HyperDex allows you to generate output tokens using a function similar to HuggingFace's generate function. Therefore, you can easily generate tokens as shown in the example below.

Tip

You may need to log in to Hugging Face Hub.

import os
from hyperdex.tools import AutoCompiler
from hyperdex.transformers import AutoModelForCausalLM, AutoTokenizer

# Path to hyperdex checkpoint (MODIFY model path and model here)
model_id = {MODEL_ID_YOU_WANT}

# MODIFY hardware configuration here
lpu_device = 2
gpu_device = 0

def main():
    hdex = AutoCompiler()
    hdex.compile(
        model_id=model_id,
        num_device=lpu_device,
        max_length=4096,
        low_memory_usage=False,
        fast_compile=True,
    )

    model = AutoModelForCausalLM.from_pretrained(
        model_id=model_id,
        device_map={"gpu": gpu_device, "lpu": lpu_device}
    )
    tokenizer = AutoTokenizer.from_pretrained(model_id)

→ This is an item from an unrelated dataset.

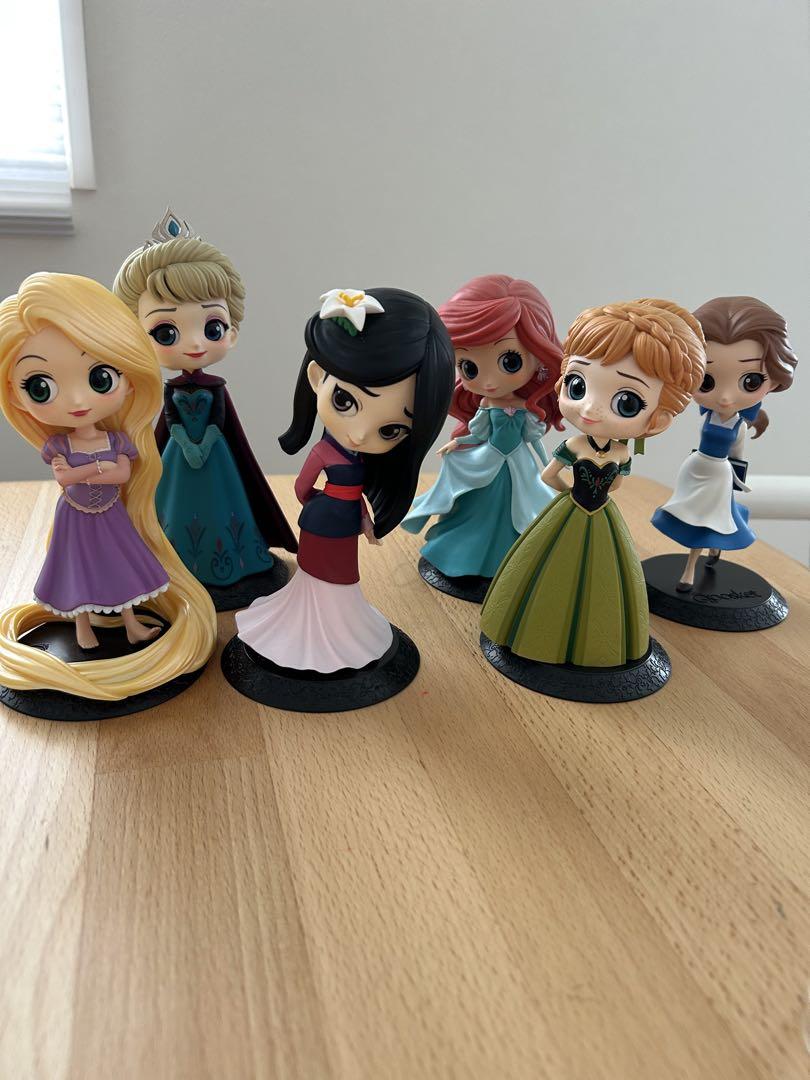 Qposket】ディズニー プリンセス 初期 6体セット フィギュア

    # Input text (MODIFY your input here)
    inputs = "Hello, my name"

    # 1. Encode input text to input token ids
    input_ids = tokenizer.encode(inputs)

    # 2. Generate output token ids with LPU™ (MODIFY sampling parameters here)
    output_ids = model.generate(
        input_ids,
        max_new_tokens=512,
        # Sampling
        do_sample=True,
        top_p=0.7,
        top_k=1,
        temperature=1.0,
        repetition_penalty=1.2
    )

    # 3. Decode output token ids to output text
    outputs = tokenizer.decode(output_ids, skip_special_tokens=True)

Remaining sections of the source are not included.